TASK DESCRIPTION
Please transcribe the data that follows without the pictures, keeping every word the same.

Scraped caption text data

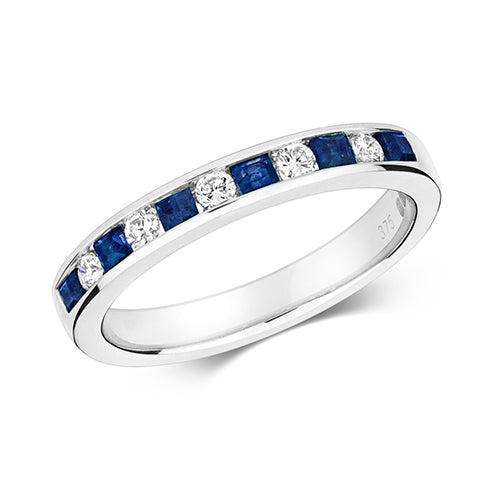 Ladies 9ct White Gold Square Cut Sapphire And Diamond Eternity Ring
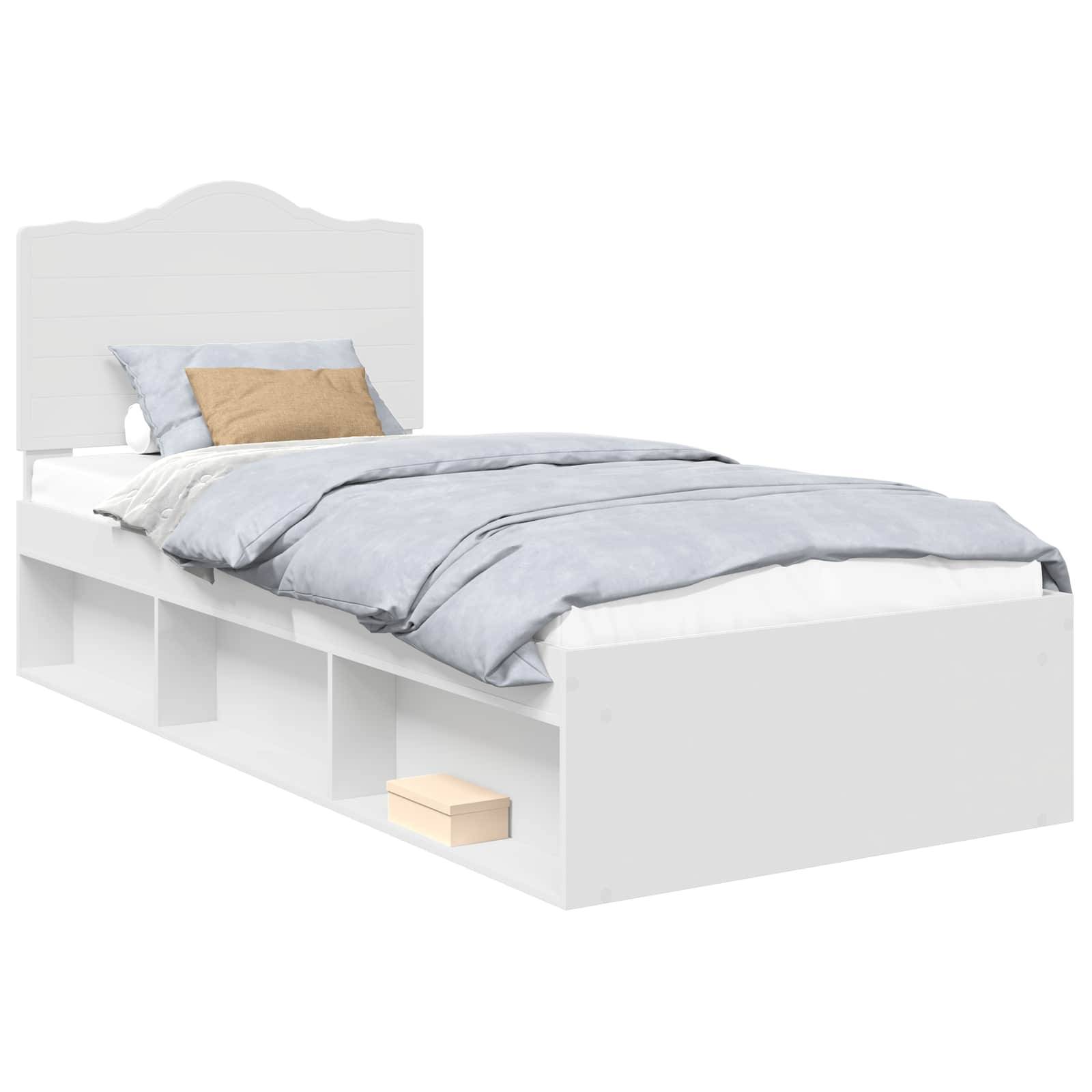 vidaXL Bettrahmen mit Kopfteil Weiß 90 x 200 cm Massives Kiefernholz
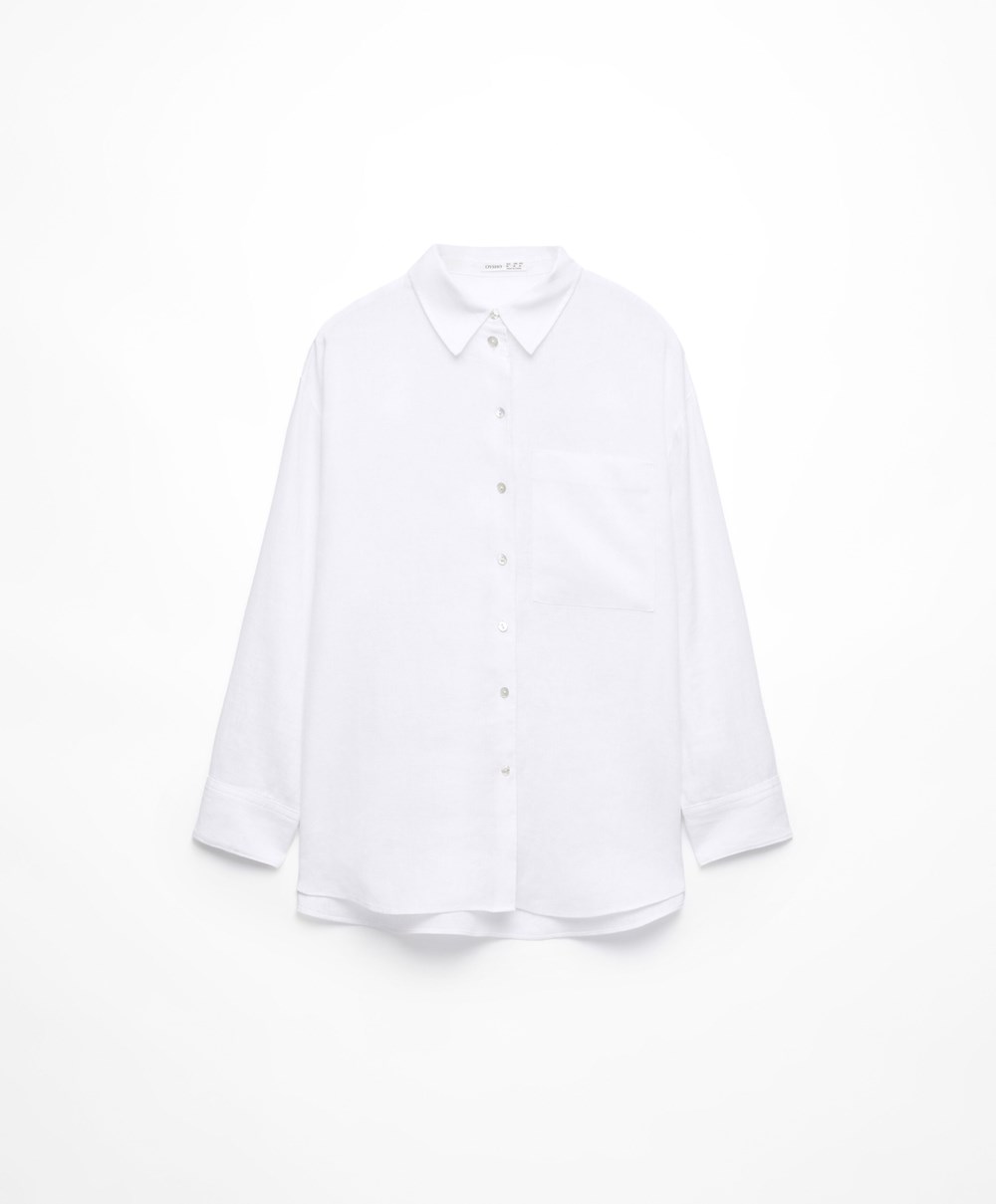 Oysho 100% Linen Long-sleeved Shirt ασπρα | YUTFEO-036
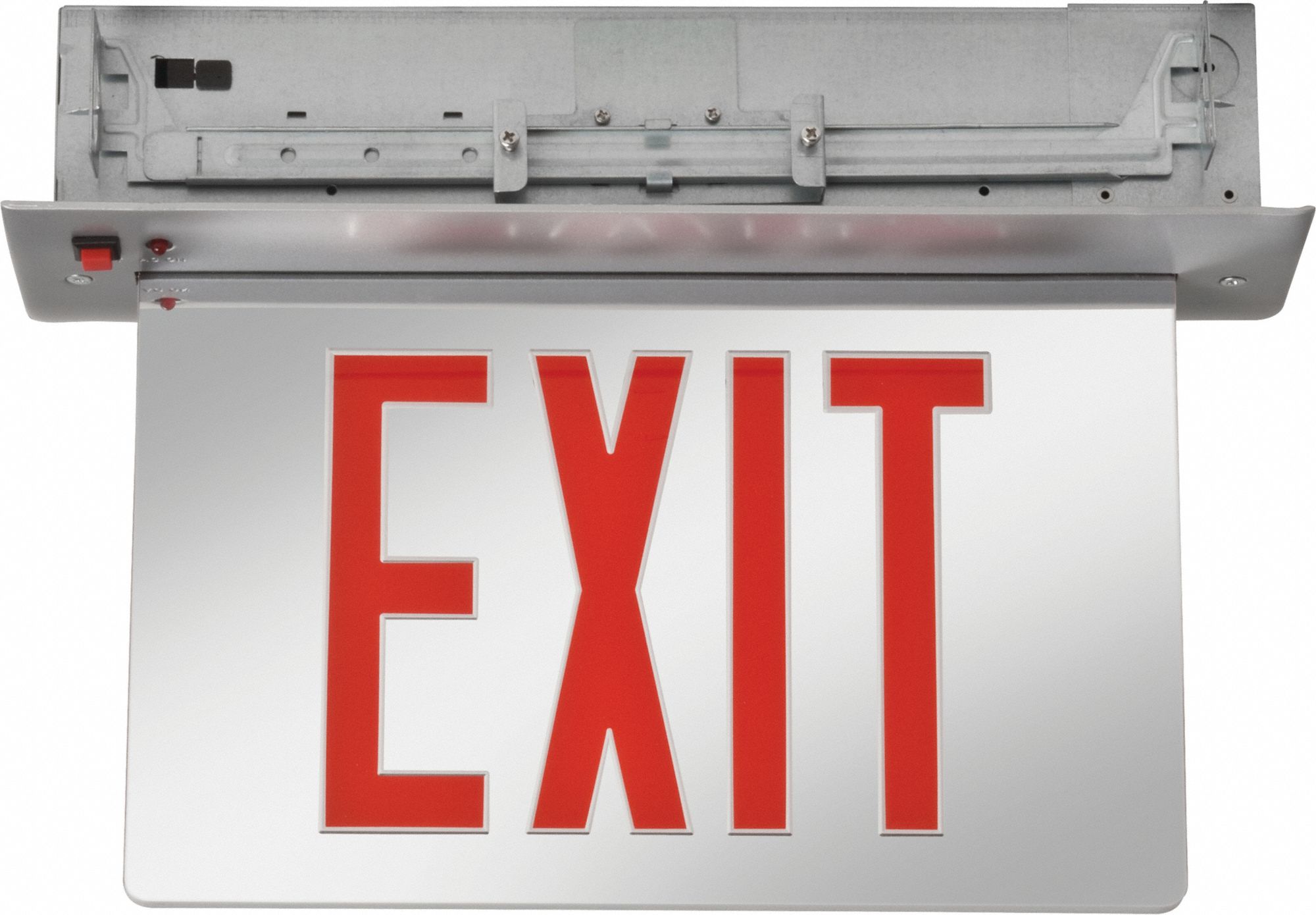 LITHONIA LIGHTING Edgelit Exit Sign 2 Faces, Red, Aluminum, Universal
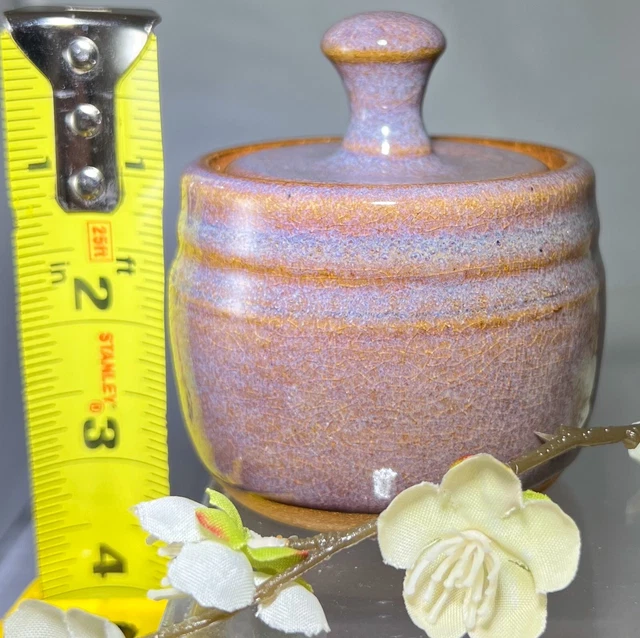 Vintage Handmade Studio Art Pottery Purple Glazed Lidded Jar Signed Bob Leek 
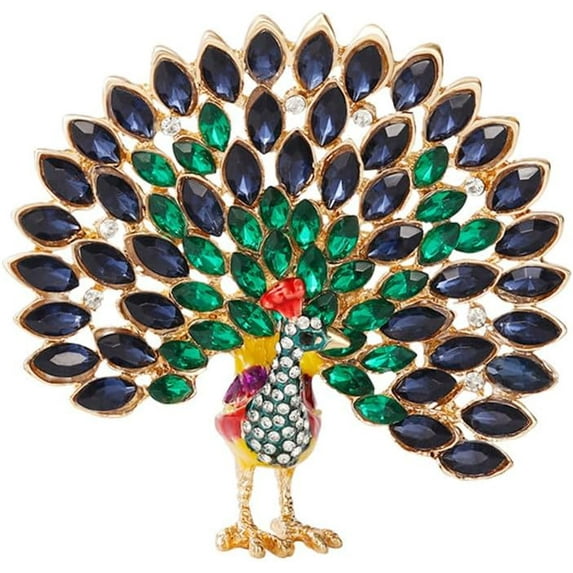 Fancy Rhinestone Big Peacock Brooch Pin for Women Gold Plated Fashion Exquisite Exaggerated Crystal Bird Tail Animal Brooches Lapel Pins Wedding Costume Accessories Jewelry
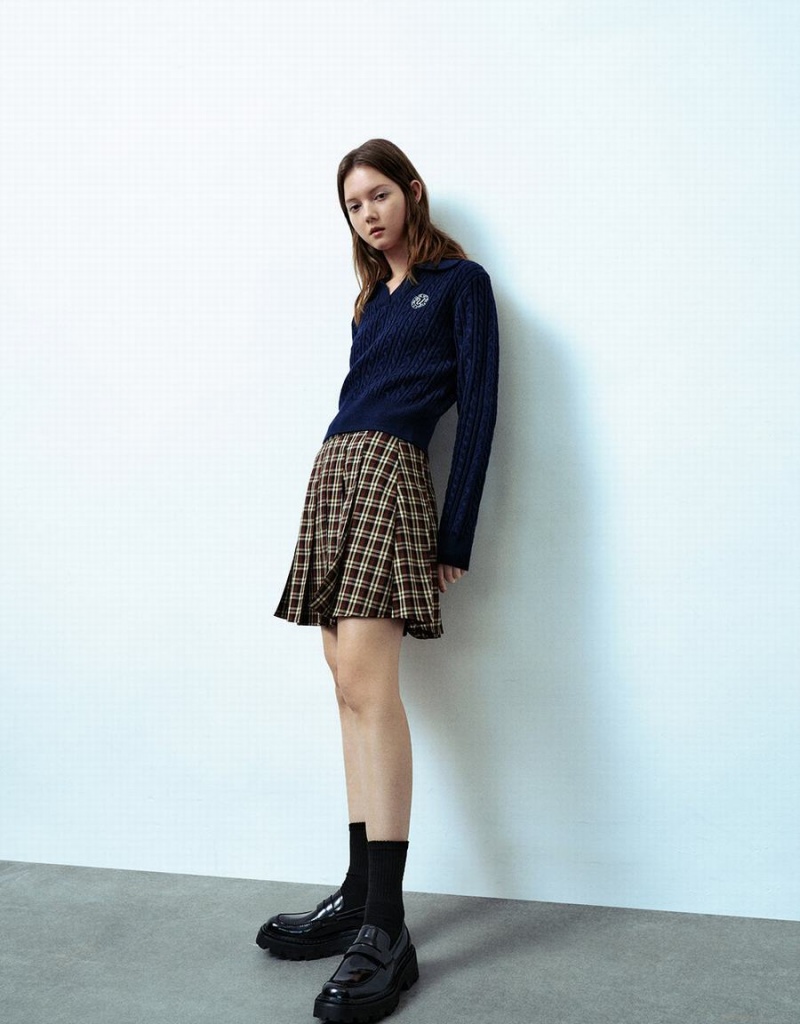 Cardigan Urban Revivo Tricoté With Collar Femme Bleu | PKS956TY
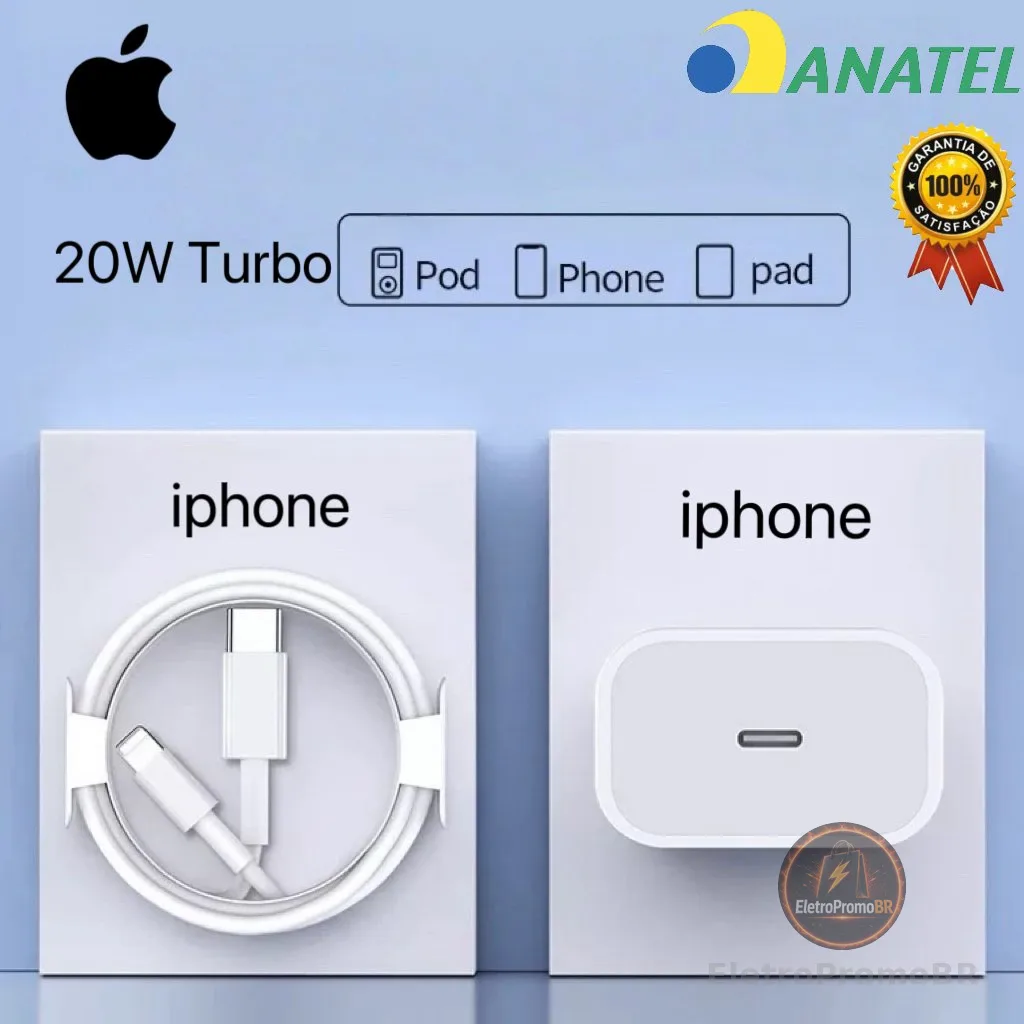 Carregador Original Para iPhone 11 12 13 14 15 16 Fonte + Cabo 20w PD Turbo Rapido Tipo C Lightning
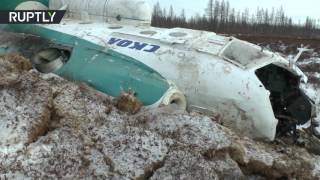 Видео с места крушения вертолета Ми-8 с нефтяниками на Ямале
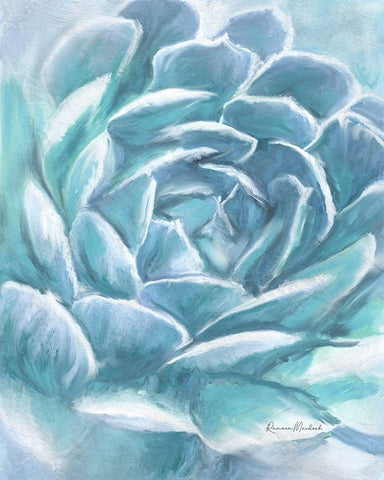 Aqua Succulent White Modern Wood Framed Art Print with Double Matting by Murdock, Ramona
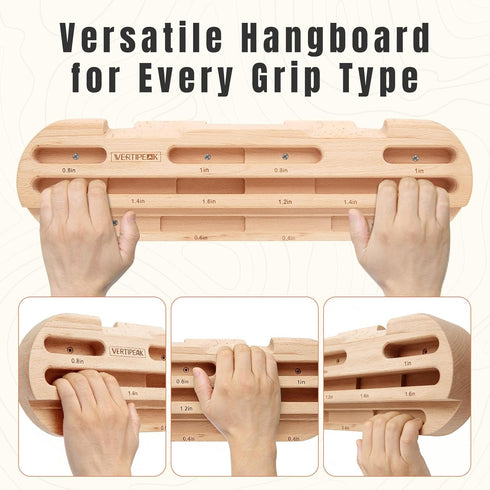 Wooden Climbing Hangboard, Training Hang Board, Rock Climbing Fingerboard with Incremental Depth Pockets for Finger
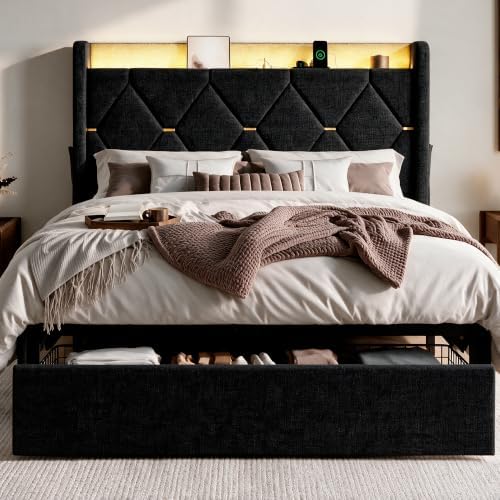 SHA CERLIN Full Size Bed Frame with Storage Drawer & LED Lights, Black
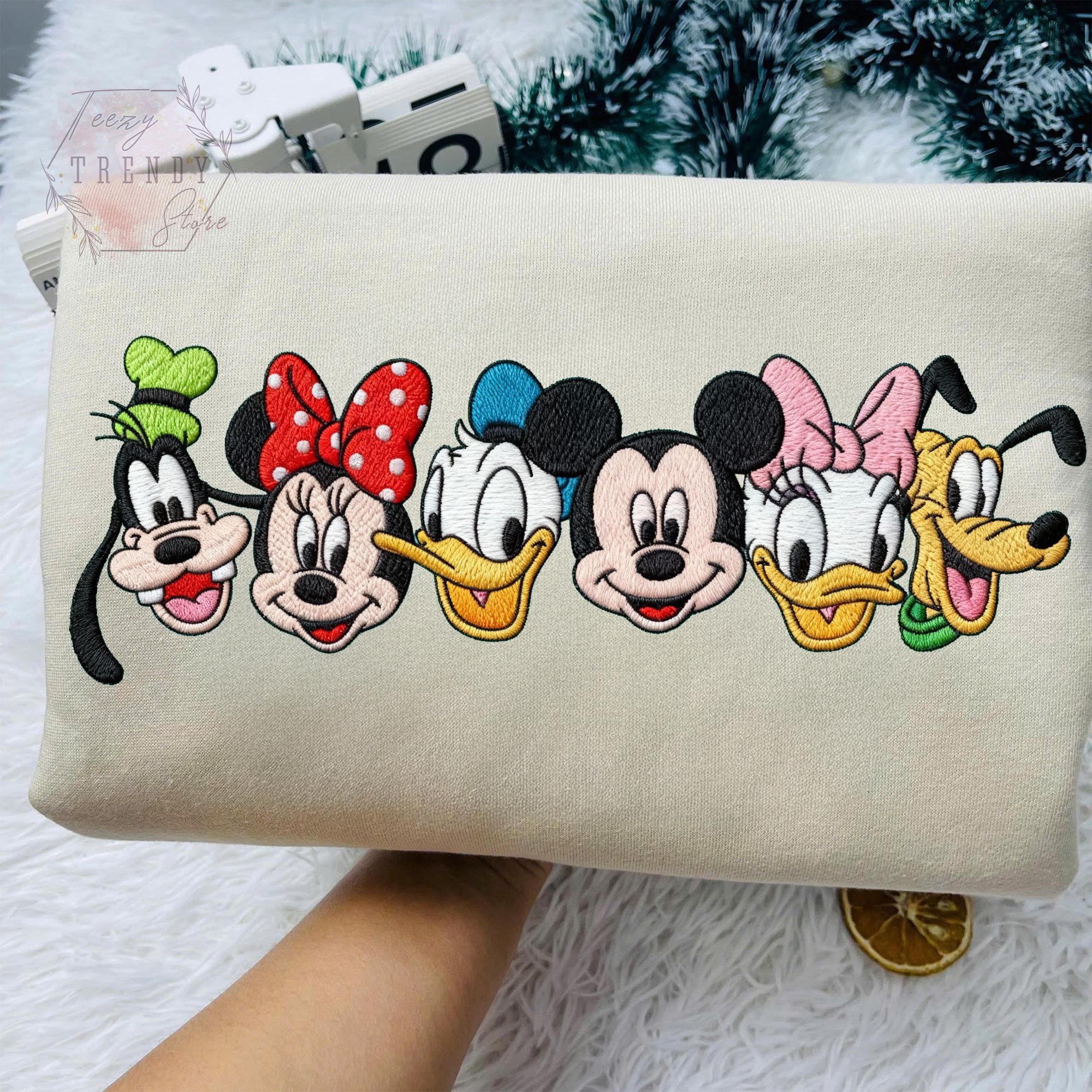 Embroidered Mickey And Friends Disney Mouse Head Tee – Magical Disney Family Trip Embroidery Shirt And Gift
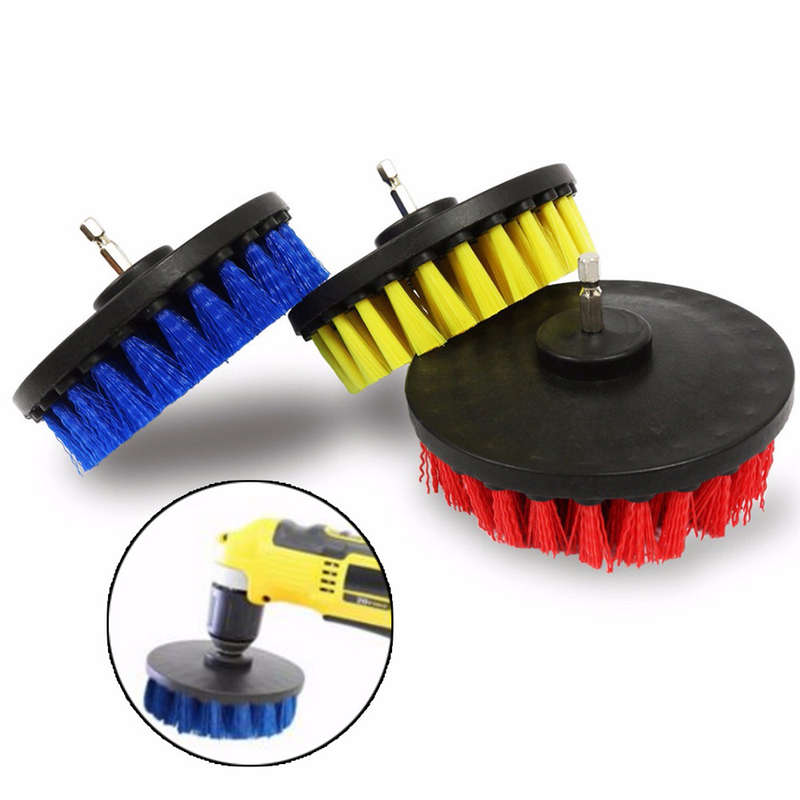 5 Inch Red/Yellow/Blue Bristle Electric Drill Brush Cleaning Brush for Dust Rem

ANSWER FOR THE TASK
 Ladies 9ct White Gold Square Cut Sapphire And Diamond Eternity Ring
 vidaXL Bettrahmen mit Kopfteil Weiß 90 x 200 cm Massives Kiefernholz
 Oysho 100% Linen Long-sleeved Shirt ασπρα | YUTFEO-036
 LITHONIA LIGHTING Edgelit Exit Sign 2 Faces, Red, Aluminum, Universal
 Vintage Handmade Studio Art Pottery Purple Glazed Lidded Jar Signed Bob Leek 
 Fancy Rhinestone Big Peacock Brooch Pin for Women Gold Plated Fashion Exquisite Exaggerated Crystal Bird Tail Animal Brooches Lapel Pins Wedding Costume Accessories Jewelry
 Cardigan Urban Revivo Tricoté With Collar Femme Bleu | PKS956TY
 Carregador Original Para iPhone 11 12 13 14 15 16 Fonte + Cabo 20w PD Turbo Rapido Tipo C Lightning
 Видео с места крушения вертолета Ми-8 с нефтяниками на Ямале
 Aqua Succulent White Modern Wood Framed Art Print with Double Matting by Murdock, Ramona
 Wooden Climbing Hangboard, Training Hang Board, Rock Climbing Fingerboard with Incremental Depth Pockets for Finger
 SHA CERLIN Full Size Bed Frame with Storage Drawer & LED Lights, Black
 Embroidered Mickey And Friends Disney Mouse Head Tee – Magical Disney Family Trip Embroidery Shirt And Gift
 5 Inch Red/Yellow/Blue Bristle Electric Drill Brush Cleaning Brush for Dust Rem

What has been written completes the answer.